We should be part of tenants’ movements and housing campaigns, helping to organise breakfast clubs or free lunches for children.
This is absolutely not charity — but it is a recognition that if someone is sick with worry about how to feed her children, she’s unlikely to come on a demonstration.
We’ve seen real, practical solidarity in action very recently, as the public reacted to the horrific refugee crisis. The tide of public opinion seemed to shift from hostility to asylum-seekers to a sense of humanitarian responsibility. Or maybe it didn’t shift — maybe the humanitarian, generous voices have always been there, but were previously drowned out by Ukip-type rhetoric. Either way, progressive views on migration started to be heard. And the collection of clothing, bedding, etc to take to migrants outside Calais by CalAid and others represented real, practical and political solidarity.
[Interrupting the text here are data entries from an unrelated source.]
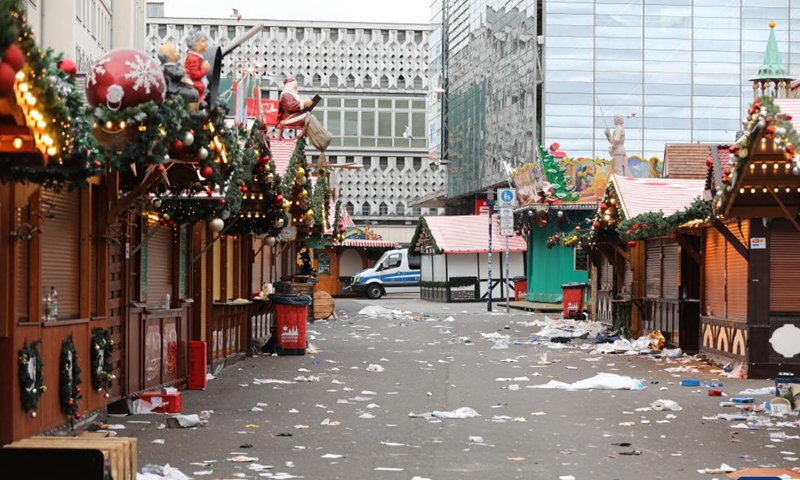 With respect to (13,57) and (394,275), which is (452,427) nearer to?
(13,57)

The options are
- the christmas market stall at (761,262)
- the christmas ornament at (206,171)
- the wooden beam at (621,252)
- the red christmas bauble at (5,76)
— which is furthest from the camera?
the wooden beam at (621,252)

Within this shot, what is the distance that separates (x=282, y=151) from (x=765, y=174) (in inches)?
472

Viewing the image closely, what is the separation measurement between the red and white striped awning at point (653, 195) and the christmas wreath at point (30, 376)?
18.1 m

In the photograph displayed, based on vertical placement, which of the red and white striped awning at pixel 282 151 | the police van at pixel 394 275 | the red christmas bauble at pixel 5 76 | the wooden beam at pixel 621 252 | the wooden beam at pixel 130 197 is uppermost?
the red and white striped awning at pixel 282 151

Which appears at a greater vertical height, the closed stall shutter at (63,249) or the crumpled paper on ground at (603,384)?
the closed stall shutter at (63,249)

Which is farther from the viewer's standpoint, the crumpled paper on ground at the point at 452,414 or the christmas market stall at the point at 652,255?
the christmas market stall at the point at 652,255

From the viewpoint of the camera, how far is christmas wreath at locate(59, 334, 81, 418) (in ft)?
35.8

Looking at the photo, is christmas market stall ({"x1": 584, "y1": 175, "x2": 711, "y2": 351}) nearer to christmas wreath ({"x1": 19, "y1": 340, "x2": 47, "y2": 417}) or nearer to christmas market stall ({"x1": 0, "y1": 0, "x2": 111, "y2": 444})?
christmas market stall ({"x1": 0, "y1": 0, "x2": 111, "y2": 444})

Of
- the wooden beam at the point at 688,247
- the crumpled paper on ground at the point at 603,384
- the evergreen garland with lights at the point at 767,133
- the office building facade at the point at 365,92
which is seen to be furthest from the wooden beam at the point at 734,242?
the office building facade at the point at 365,92

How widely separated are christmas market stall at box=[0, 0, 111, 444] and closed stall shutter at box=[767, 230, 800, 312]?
980 cm

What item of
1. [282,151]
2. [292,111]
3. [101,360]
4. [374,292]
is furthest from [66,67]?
[374,292]

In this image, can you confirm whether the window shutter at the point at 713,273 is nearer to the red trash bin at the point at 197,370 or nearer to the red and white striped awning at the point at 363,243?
the red trash bin at the point at 197,370

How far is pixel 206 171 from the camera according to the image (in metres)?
12.3

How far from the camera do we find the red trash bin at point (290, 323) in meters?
22.6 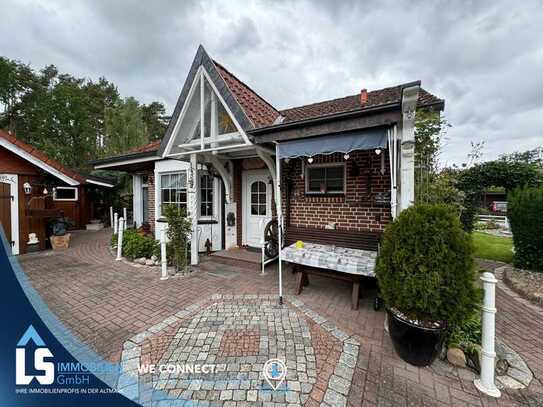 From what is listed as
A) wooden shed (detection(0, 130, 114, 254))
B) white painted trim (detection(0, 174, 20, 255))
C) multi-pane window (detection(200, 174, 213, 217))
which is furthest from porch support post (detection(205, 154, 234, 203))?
white painted trim (detection(0, 174, 20, 255))

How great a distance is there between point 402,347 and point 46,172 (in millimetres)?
10215

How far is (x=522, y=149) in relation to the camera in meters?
28.0

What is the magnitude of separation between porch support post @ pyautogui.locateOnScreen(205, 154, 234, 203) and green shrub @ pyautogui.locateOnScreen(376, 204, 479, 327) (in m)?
4.76

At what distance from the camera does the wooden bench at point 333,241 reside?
349cm

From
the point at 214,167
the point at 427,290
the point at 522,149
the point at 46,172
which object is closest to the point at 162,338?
the point at 427,290

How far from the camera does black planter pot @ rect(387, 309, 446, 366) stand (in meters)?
2.15

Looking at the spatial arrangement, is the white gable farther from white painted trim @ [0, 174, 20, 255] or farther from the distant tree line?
the distant tree line

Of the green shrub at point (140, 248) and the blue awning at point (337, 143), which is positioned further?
the green shrub at point (140, 248)

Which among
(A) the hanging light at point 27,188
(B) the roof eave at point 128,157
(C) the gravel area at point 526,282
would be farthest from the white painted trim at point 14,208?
(C) the gravel area at point 526,282

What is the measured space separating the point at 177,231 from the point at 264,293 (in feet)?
8.23

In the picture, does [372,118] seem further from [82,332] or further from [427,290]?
[82,332]

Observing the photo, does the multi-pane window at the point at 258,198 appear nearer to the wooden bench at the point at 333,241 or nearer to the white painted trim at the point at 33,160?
the wooden bench at the point at 333,241

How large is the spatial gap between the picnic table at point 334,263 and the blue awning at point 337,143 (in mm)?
1726

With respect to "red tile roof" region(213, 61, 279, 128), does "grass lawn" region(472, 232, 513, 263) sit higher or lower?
lower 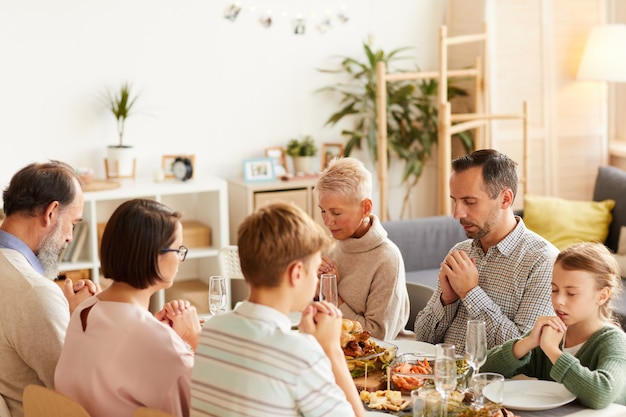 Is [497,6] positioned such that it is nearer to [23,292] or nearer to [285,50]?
[285,50]

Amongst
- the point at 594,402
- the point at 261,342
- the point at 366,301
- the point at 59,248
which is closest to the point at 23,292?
the point at 59,248

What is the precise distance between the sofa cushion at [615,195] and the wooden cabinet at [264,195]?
67.8 inches

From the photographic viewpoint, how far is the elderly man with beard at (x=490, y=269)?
9.99 feet

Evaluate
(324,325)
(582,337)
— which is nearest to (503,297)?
(582,337)

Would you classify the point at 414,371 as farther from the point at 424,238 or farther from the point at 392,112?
the point at 392,112

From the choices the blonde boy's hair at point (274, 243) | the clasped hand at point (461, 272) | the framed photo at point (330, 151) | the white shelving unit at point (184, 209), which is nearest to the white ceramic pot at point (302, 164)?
the framed photo at point (330, 151)

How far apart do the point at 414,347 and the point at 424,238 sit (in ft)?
8.86

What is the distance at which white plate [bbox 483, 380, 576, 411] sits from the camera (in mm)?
2480

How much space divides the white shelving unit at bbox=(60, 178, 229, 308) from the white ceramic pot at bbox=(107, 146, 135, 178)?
64mm

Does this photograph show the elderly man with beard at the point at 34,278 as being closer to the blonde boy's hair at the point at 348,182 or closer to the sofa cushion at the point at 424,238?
the blonde boy's hair at the point at 348,182

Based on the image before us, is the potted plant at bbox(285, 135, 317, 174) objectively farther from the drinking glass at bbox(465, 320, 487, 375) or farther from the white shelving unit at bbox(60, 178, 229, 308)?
the drinking glass at bbox(465, 320, 487, 375)

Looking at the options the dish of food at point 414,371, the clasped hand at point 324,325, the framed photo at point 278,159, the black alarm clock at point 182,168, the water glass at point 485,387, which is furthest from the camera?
the framed photo at point 278,159

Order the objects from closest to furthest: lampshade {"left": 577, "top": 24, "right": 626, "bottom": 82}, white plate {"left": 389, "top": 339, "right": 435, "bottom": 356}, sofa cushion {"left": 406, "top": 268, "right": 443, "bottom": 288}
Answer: white plate {"left": 389, "top": 339, "right": 435, "bottom": 356}
sofa cushion {"left": 406, "top": 268, "right": 443, "bottom": 288}
lampshade {"left": 577, "top": 24, "right": 626, "bottom": 82}

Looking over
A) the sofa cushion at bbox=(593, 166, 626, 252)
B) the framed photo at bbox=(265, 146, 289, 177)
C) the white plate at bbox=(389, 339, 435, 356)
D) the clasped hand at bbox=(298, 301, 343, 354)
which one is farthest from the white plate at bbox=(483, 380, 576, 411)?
the framed photo at bbox=(265, 146, 289, 177) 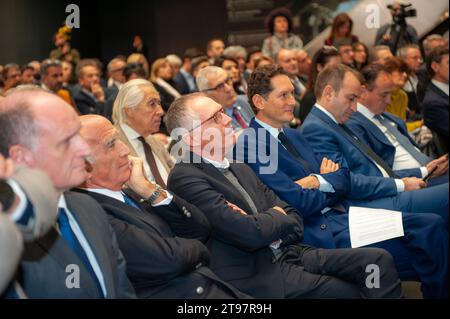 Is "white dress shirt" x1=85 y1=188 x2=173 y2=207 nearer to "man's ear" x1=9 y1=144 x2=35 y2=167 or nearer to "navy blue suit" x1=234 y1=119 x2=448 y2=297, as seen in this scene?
"man's ear" x1=9 y1=144 x2=35 y2=167

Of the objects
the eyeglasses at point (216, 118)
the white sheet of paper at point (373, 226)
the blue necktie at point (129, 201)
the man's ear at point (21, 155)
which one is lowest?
the white sheet of paper at point (373, 226)

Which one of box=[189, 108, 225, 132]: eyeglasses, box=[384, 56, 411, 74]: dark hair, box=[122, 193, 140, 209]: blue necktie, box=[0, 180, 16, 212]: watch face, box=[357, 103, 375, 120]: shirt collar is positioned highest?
box=[0, 180, 16, 212]: watch face

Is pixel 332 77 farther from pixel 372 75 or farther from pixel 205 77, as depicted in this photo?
pixel 205 77

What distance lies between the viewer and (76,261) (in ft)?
6.12

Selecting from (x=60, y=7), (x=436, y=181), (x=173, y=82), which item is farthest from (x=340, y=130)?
(x=60, y=7)

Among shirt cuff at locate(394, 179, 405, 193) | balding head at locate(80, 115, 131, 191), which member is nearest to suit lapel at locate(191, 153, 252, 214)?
balding head at locate(80, 115, 131, 191)

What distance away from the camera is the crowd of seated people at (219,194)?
1.80m

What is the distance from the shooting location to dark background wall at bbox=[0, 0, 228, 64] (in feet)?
30.2

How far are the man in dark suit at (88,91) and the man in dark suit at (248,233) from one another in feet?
11.9

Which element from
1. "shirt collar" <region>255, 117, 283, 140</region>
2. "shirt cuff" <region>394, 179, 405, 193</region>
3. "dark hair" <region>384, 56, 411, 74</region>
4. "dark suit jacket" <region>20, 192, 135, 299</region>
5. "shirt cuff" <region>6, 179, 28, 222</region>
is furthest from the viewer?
"dark hair" <region>384, 56, 411, 74</region>

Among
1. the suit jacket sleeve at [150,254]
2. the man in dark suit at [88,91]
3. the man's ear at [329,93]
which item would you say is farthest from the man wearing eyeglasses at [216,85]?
the suit jacket sleeve at [150,254]

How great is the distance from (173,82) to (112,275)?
5.09m

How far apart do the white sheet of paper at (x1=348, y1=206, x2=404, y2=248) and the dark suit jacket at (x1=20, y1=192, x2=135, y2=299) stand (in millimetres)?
1257

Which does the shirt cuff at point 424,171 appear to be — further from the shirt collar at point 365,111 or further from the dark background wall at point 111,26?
the dark background wall at point 111,26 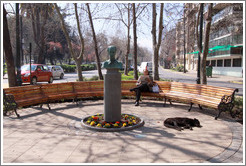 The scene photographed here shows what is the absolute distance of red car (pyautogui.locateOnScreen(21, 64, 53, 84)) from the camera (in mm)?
16234

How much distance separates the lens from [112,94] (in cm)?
559

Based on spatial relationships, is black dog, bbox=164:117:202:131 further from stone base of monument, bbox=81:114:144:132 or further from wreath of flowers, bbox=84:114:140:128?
wreath of flowers, bbox=84:114:140:128

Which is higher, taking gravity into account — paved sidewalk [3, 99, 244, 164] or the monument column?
the monument column

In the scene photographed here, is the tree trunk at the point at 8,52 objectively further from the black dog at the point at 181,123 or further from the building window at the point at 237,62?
the building window at the point at 237,62

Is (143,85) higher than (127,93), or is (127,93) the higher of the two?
(143,85)

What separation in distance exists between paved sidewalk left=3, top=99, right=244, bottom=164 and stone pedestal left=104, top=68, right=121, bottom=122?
26.9 inches

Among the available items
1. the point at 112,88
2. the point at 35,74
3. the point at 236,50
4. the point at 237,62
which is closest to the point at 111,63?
the point at 112,88

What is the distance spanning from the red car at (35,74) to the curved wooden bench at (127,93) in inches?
355

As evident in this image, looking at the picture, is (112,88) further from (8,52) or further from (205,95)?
(8,52)

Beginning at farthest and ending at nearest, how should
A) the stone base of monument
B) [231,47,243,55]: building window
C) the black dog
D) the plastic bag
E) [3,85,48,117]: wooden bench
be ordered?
[231,47,243,55]: building window → the plastic bag → [3,85,48,117]: wooden bench → the black dog → the stone base of monument

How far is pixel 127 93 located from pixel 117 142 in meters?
4.63

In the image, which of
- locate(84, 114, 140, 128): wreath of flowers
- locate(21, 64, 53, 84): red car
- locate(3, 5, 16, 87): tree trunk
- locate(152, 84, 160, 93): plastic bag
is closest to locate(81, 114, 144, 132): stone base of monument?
locate(84, 114, 140, 128): wreath of flowers

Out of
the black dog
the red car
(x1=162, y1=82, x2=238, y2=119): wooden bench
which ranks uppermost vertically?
the red car

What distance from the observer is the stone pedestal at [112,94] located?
5.55 meters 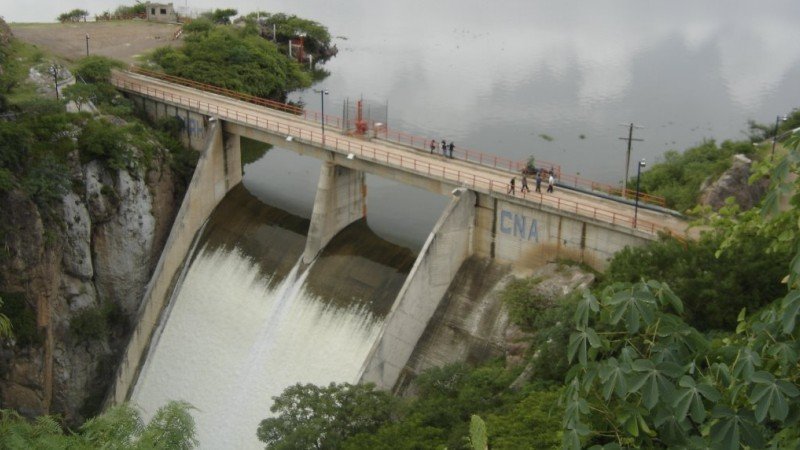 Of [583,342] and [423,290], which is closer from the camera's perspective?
[583,342]

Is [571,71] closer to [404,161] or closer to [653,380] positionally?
[404,161]

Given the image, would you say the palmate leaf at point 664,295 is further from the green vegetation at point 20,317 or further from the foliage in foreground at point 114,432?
the green vegetation at point 20,317

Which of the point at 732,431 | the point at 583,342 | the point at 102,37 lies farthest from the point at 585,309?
the point at 102,37

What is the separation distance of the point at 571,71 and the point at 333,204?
39010mm

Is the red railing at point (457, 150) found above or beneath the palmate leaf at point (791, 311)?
beneath

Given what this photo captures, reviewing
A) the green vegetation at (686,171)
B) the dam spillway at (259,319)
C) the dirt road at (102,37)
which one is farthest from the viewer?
the dirt road at (102,37)

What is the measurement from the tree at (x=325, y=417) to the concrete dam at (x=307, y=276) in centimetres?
371

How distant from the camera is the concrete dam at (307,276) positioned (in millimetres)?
31234

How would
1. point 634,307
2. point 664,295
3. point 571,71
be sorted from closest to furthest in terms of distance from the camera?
point 634,307 → point 664,295 → point 571,71

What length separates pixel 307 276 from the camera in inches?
1407

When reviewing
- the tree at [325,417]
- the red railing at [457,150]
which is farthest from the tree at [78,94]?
the tree at [325,417]

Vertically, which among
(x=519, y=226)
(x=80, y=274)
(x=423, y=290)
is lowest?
(x=80, y=274)

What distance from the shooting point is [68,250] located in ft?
122

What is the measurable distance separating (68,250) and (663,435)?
3374 centimetres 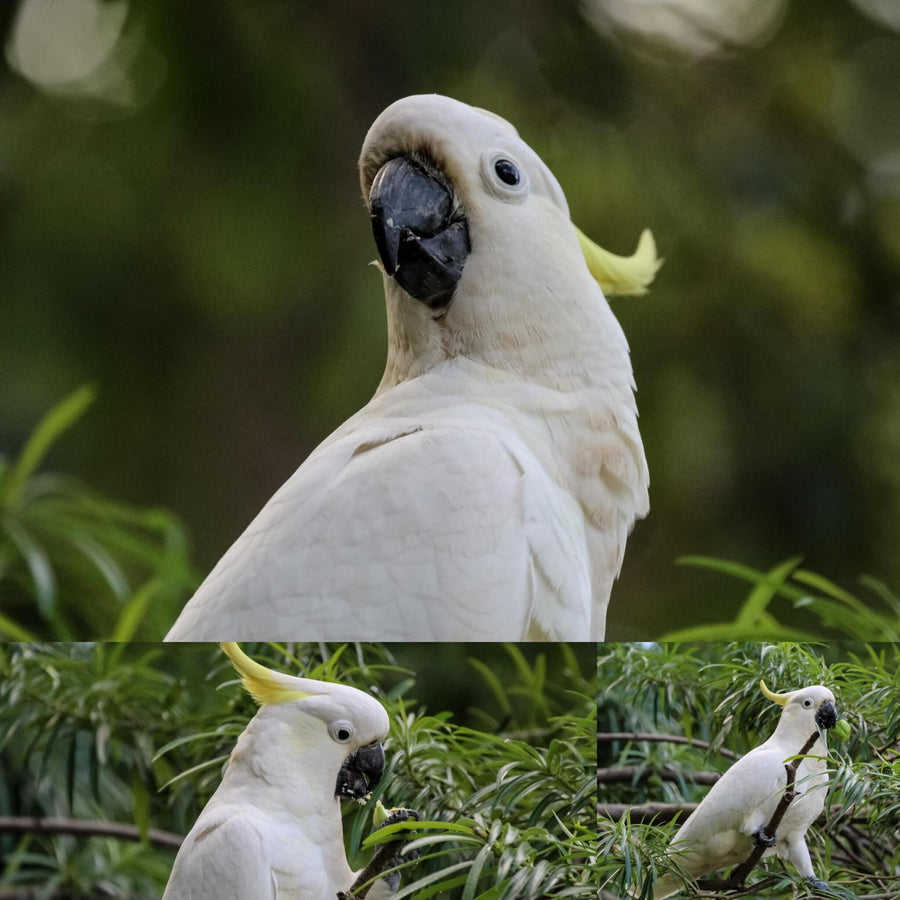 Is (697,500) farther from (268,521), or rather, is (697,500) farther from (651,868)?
(268,521)

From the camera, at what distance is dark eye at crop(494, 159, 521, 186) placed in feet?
4.86

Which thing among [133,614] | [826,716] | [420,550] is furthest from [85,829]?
[826,716]

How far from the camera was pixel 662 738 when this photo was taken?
66.9 inches

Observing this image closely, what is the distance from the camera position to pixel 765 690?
1.68 metres

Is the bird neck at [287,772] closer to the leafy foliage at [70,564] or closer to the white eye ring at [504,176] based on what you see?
the leafy foliage at [70,564]

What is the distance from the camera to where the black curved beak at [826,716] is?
167 cm

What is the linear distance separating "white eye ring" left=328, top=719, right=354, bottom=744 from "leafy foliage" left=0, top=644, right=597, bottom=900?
64 millimetres

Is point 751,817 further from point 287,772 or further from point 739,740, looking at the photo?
point 287,772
Those concrete gestures are part of saying another world is possible.
The left has won an extraordinary battle, in unprecedented circumstances. I still pinch myself when I see Corbyn described as “leader of the Labour Party.”
But this is the most serious political war that I have seen in my lifetime. The conflict between forces of the neoliberalism against the forces of anti-austerity is a class battle, conducted inside and outside the Labour Party.
Neoliberalism in the Labour Party has not gone away. It will bide its time until it calculates that Corbyn and McDonnell don’t have grassroots support. Our job — as the left both inside and outside the Labour Party — is to make it clear that Corbyn and McDonnell have the vociferous, highly visible and committed support of the grassroots.
Liz Davies was a member of the Labour Party until 2001 and an elected member of its national executive committee between 1998-2000. She is a barrister specialising in homelessness and housing rights.